Jules Massenet: La vie d’une rose (Somm Recordings)
Sally Silver — also known as ‘Silver Sally’ — died last November of cancer at 50 years old, casting a pall over the British opera scene, where she was a vibrant and ever-willing participant. Never a showy diva, Sally landed roles in any opera from Handel to Thomas Adès, pursuing a particular love for French chanson. This posthumous album — curated by Sally, accompanied by her friend Richard Bonynge and produced by her husband Jeremy Silver — is a delight from start to finish.
It’s not just the sparkle she brings to Massenet’s somewhat timeworn drawing-room songs — though that alone is worth the price of admission — it’s the slightly-knowing false-innocence that she injects into numbers like Passionément and Souhait.
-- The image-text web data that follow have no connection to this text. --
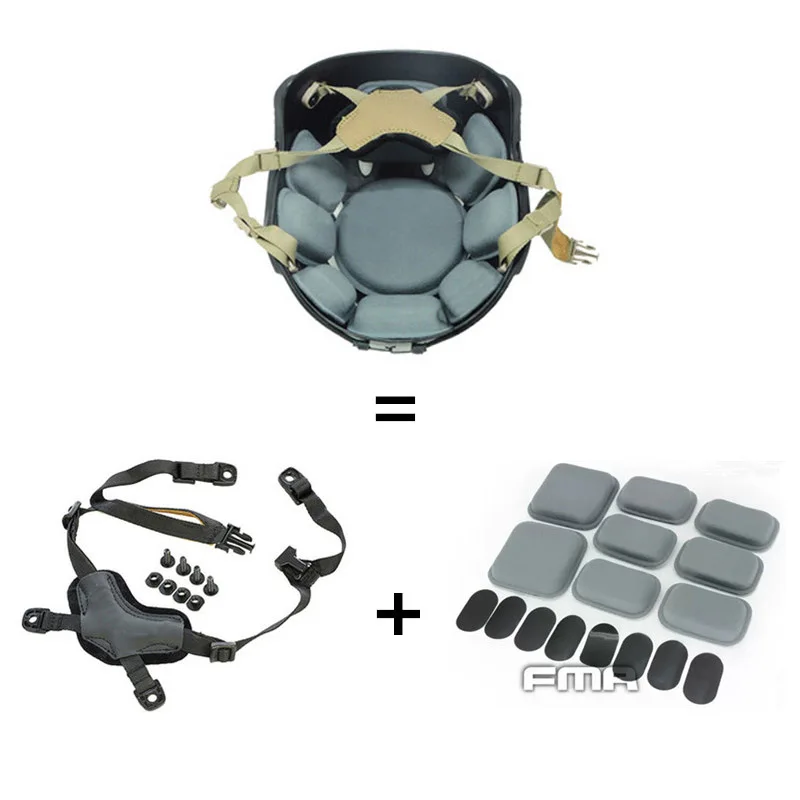 Free Shipping Tactical Airsoft Suspension System Chin Strap for FMA Helmet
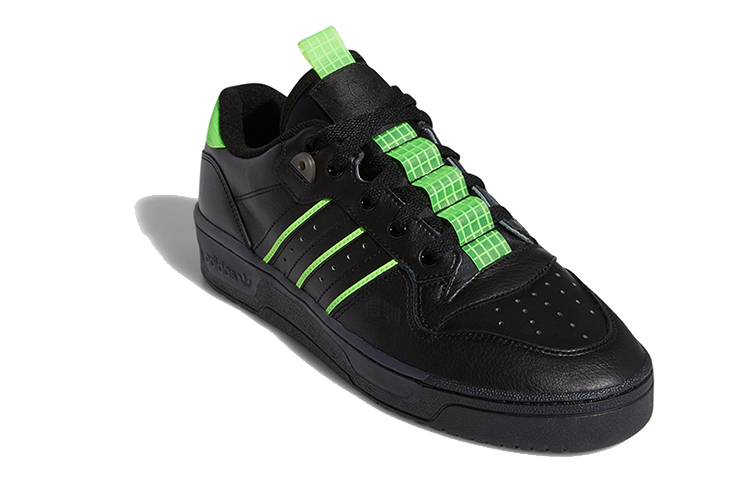 Унисекс кеды adidas originals Rivalry Low (черно-зеленые) — фото 3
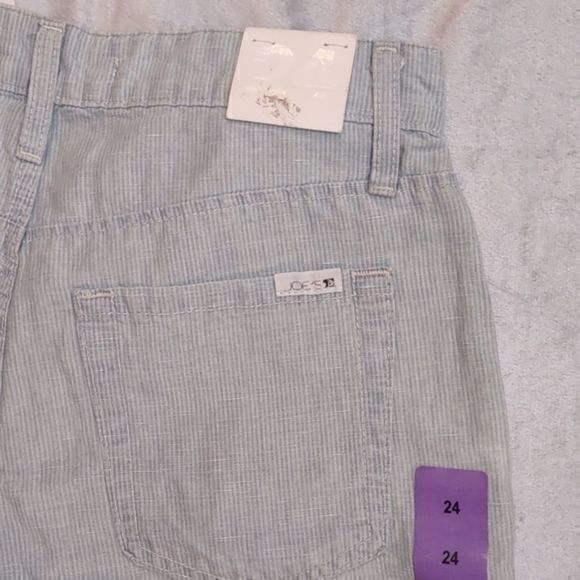 Joe's Jeans Light Blue and White Pinstripe‎ Skinny Jeans Sz W24 Slim Fit - Picture 4 of 12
Sally sings like someone who knows the meaning of life and the value of each moment. The mezzo Christine Tocci, who joins in several duets, gives as good as she gets. Why go to see a Massenet opera when the small stuff is so good, and so concise?
This must be Richard Bonynge’s first recording of the decade. He’s still a decent pianist, in case you’re wondering, a little prone to heavy elbows in the triple fffs but, unlike many condcutors, knowing when to sit back and do as little as possible. This is perfect fare for a summer’s night.